No one in that room is going to scream away socialism (in fact, they may just be open to more leftist policies). Universal Basic Income? Yes, please! For them, it would be a godsend since most of these places have no direct industry to rely on for jobs. Sure there are places an hour away, but you usually have three other rural counties all using this one industry as its primary source of economic opportunity and many families in rural communities only have one vehicle. We don’t have subway systems that can get these folks to work.

In the Times piece, Steve Schale, described as a Florida-base Democratic strategist, is quoted as saying “There’s a baseline percentage of the white vote you have to get to win and you can’t get to it just through young and progressive excitement.” There is some truth to his statement, but there is also a grim reality that is he unintentionally revealing. He could possibly be correct by saying that young and progressive excitement cannot get enough white vote (in the South) to win. As it turns out, we did not win our campaign, but more on that in a moment. What is he unintentionally revealing is that it’s a Democratic strategy to knowingly campaign against the best interests of a constituency to appeal to ideals of one specific base, or in other words, white supremacy reigns in popular campaign strategies over true left principles?

That brings me back to our loss. In a post-election evaluation, we realized many people had still not heard of our campaign before Election Day, and they would have voted for us had they known before casting their vote. That could be on us, it is our responsibility to get our message out; however, we were out-spent by our incumbent opponent by 5 to 1. The national Democratic Party has alienated and abandoned the liberal south for years. We are poorly financed, under-resourced, and our national party along with national committees seem uninterested in helping. I do not know much about Steve Schale as a Democratic strategist, but, if any liberal strategist in the South is not making the argument that the DNC make a significant reinvestment in the South, their other opinions are moot.

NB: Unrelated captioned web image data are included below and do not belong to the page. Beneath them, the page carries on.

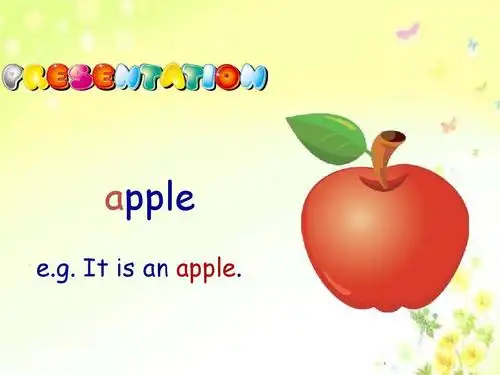 g. it is an apple.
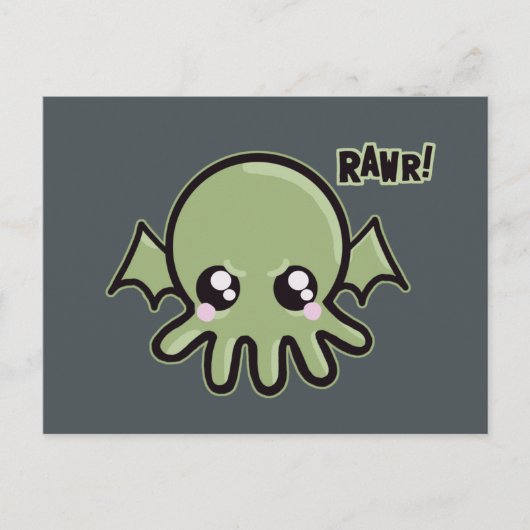 Cutie Baby Cthulhu Briefkaart (Voorkant)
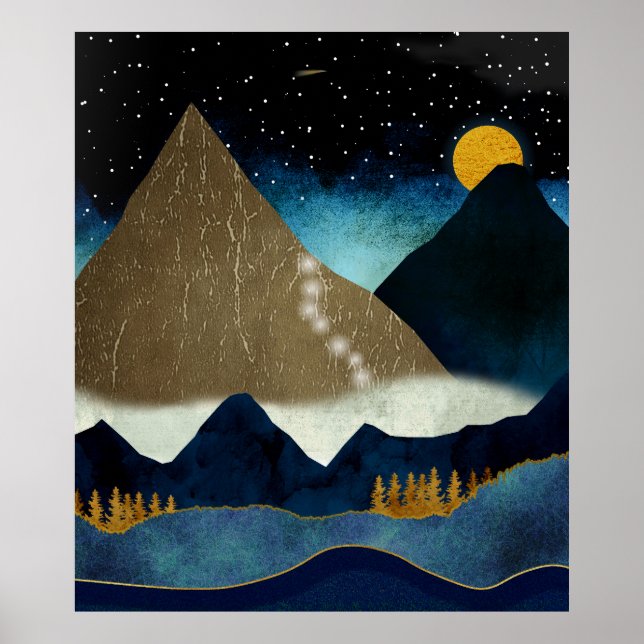 Poster Climas de montanha do ouro (Frente)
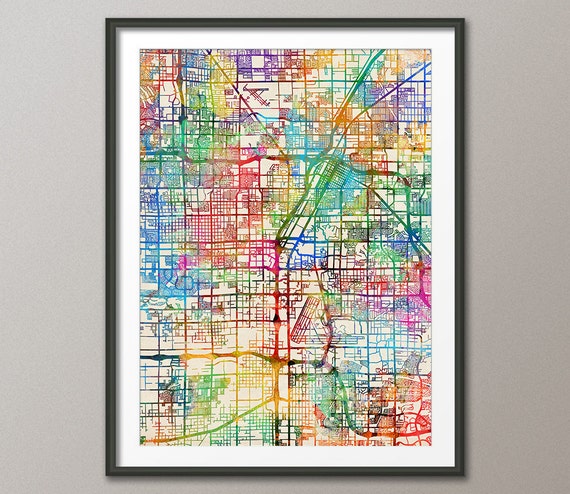 City map Las Vegas Nevada 3 10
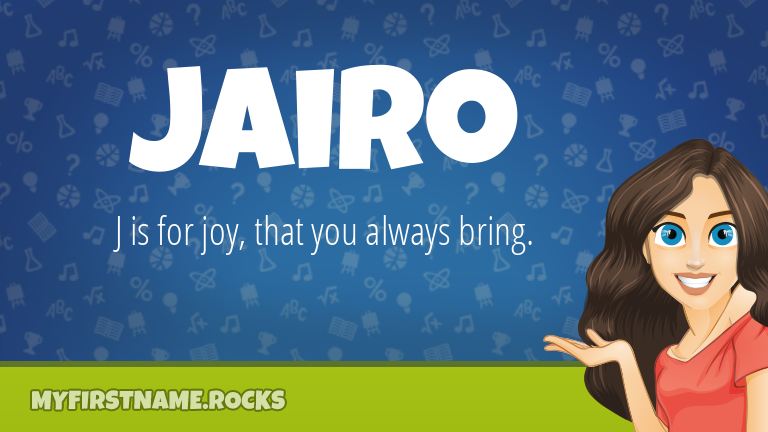 My First Name Jairo Rocks!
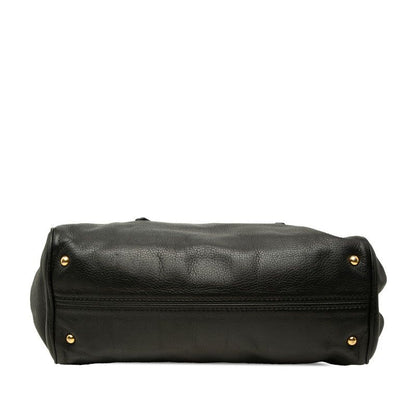 Miu Miu Chain Shoulder Bag 2-Way Black Leather — view 3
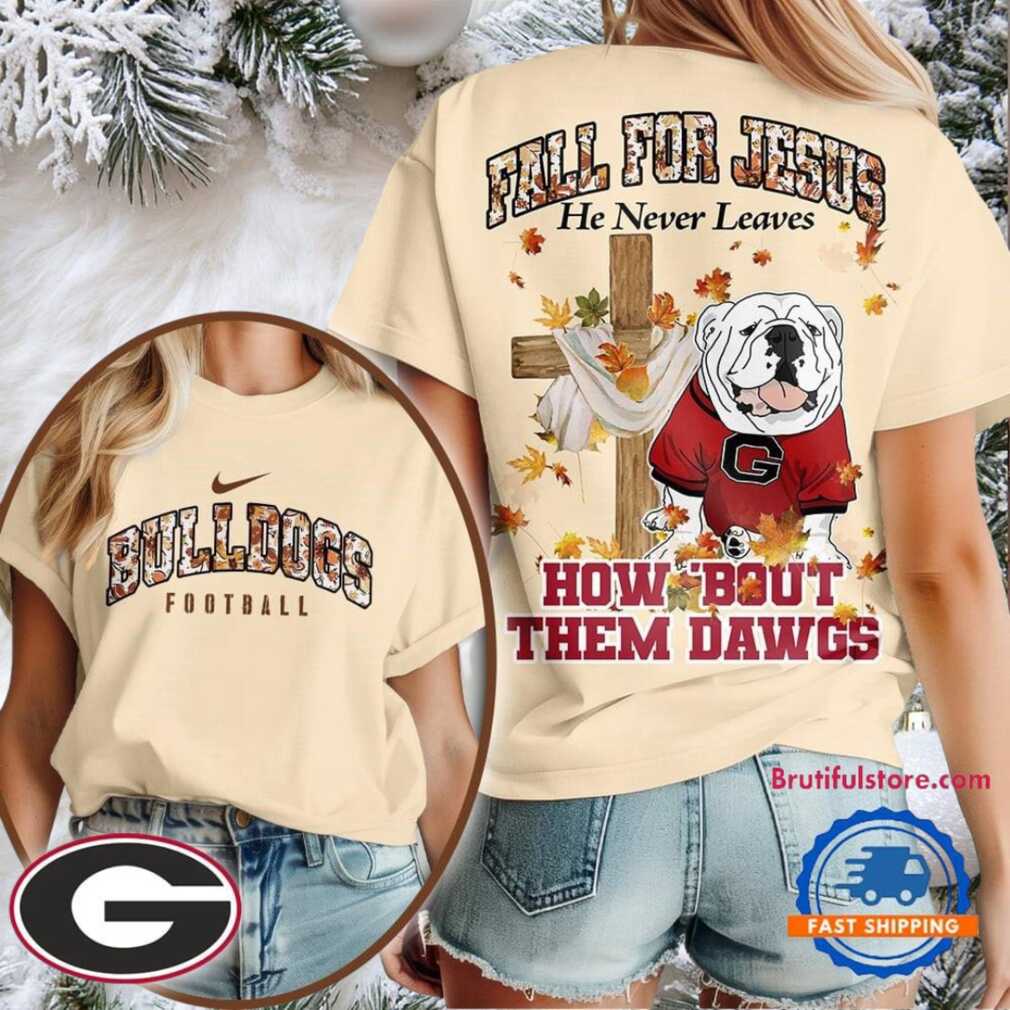 Georgia Bulldogs 2025 NCAA Season Fall For Jesus Unisex 3D Shirt Georgia Bulldogs 2025 NCAA Season Fall For Jesus Unisex 3D Shirt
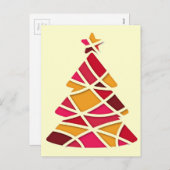 Stilvolle Weihnachtsbaum der modernen Kunst Feiertagspostkarte (Vorne/Hinten)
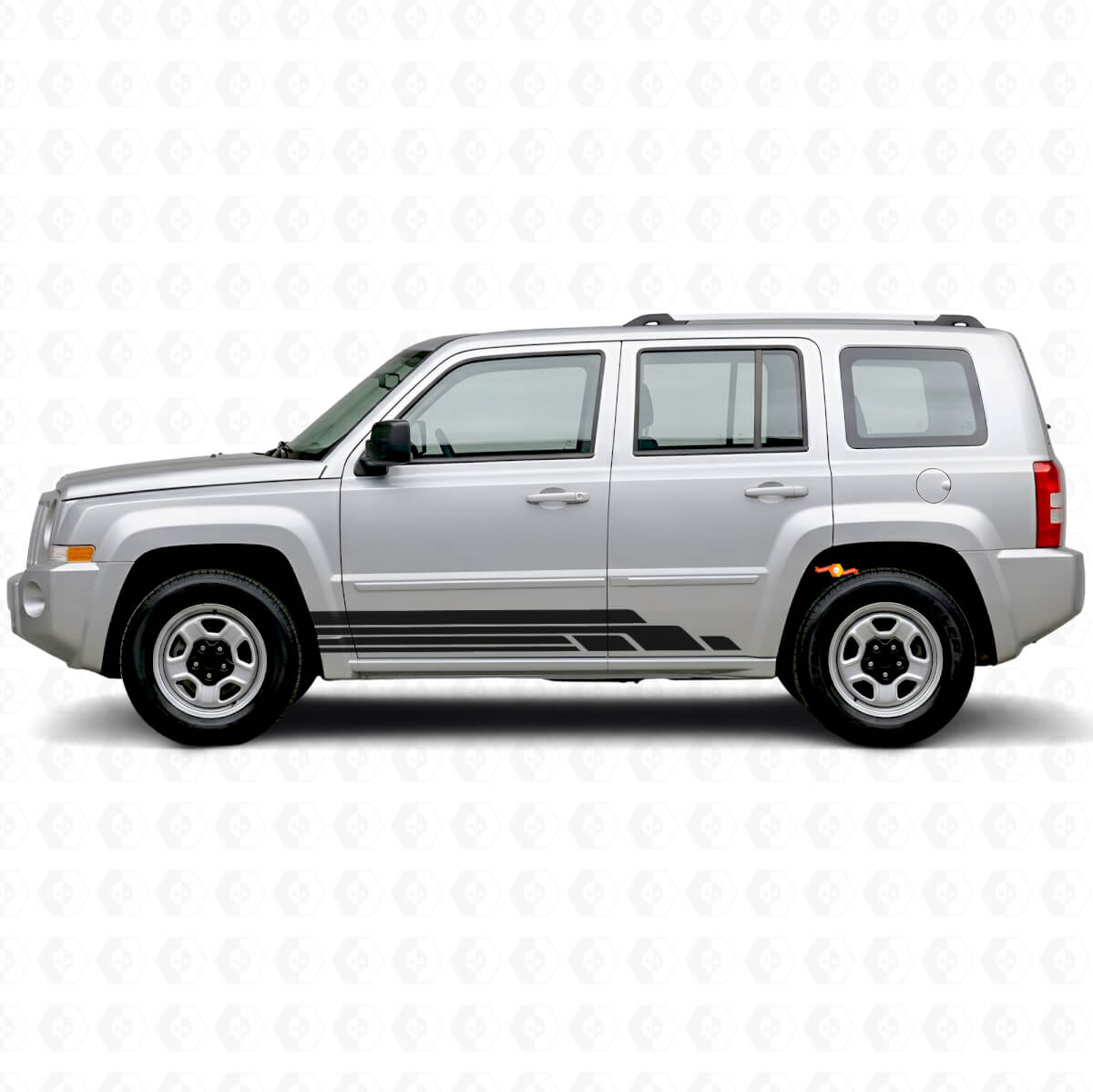 Curved Stripes Side Vinyl Decal Kit for Jeep Patriot 2007-2017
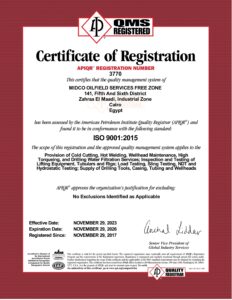 Certificate-ISO
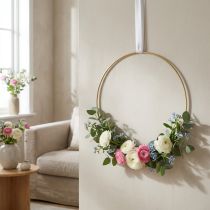 Article Anneau en métal anneau décoratif Anneau Scandi boucle décorative or Ø30,5cm 6 pcs
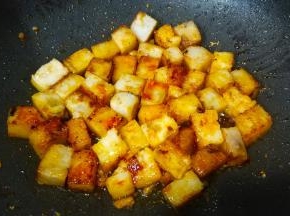 快速翻炒均匀即可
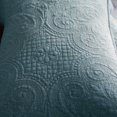 thumbnail image 2 of KASENTEX Oreiller en Coton Polyester 100 % Lavé à la Pierre Style Country-Chic, Motif Brodé Floral Traditionnel, 18"x18 Pouces, Brun Argile, 2 of 6
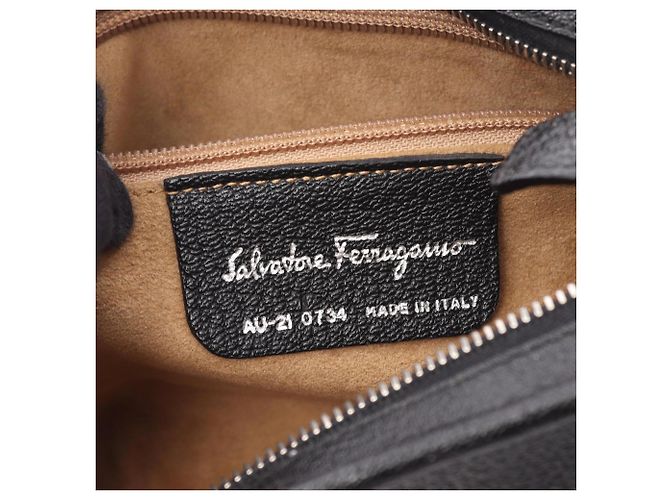Borsa a mano in pelle nera Salvatore Ferragamo Nero - vista 4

Image by Ali Zifan/CC BY-SA 4.0

The efforts made by our campaign and the Congressional and Senatorial campaigns in Mississippi were made predominantly on our small budgets from our individual donors and grassroots organizing. Without compromising our message and remarkably without the national support we were still able to make gains despite losing on election day. We received 200% more of the vote than the Democratic nominee received in the previous midterm and in many of our precincts we met or exceeded the ballots received for Hillary Clinton in 2016.

We did that by not compromising our progressive platform but packing it up in a motor home and literally taking it to all of the rural communities in South Mississippi. We did not alienate anyone with our message, and we actually attracted crossover voters. The problem across the South is we are divided by our own party at large, and that should be the story coming from anyone who is here right now attempting to address campaigns in the South.